Zomato hacked, 17m users’ personal data leaked to the dark web

zomato hack

If you frequent the India-based restaurant and food review app Zomato, you should probably change your password immediately.

That’s the message conveyed in a blog post by the company on Thursday, after it announced that more than 10% of the company’s user records were stolen by a hacker.

“The reason you’re reading this blog post is because of a recent discovery by our security team – about 17 million user records from our database were stolen. The stolen information has user email addresses and hashed passwords,” it noted, adding over 120-million people visit Zomato monthly.

For those who had their user information stolen, the company does offer a few comforts to users.

One, it has issued forced password updates to the users affected, meaning that users are now obligated to update their passwords to use the service.

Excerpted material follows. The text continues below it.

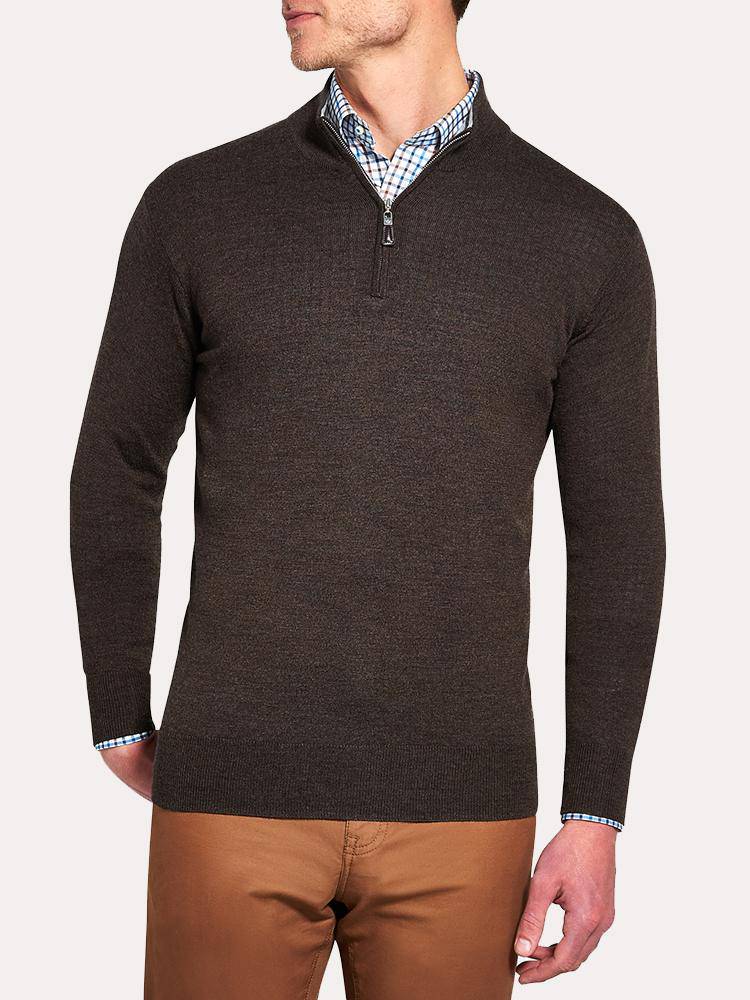 Peter Millar Crown Soft Quarter-Zip Sweater - Saint Bernard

Two, it has opened up communication channels with the person responsible for the hack.

17m of Zomato’s 120m monthly users were affected, but no financial information has been leaked

“The hacker has been very cooperative with us,”the company notes in a later blog post.

“He/she wanted us to acknowledge security vulnerabilities in our system and work with the ethical hacker community to plug the gaps. His/her key request was that we run a healthy bug bounty programme for security researchers.”

Zomato also states that it will introduce a bounty programme “very soon”.

“With that assurance, the hacker has in turn agreed to destroy all copies of the stolen data and take the data off the dark web marketplace. The marketplace link which was being used to sell the data on the dark web is no longer available,” it adds.

Beyond that though, Zomato remains “cautious and paranoid”.

“Please note that only 5 data points were exposed – user IDs, Names, Usernames, Email addresses, and Password Hashes with salt. No other information was exposed to anyone (we have a copy of the ‘leaked’ database with us). Your payment information is absolutely safe, and there’s no need to panic,” it concludes.

Even if you weren’t affected by the hack, Zomato suggests that you change your password as a precaution.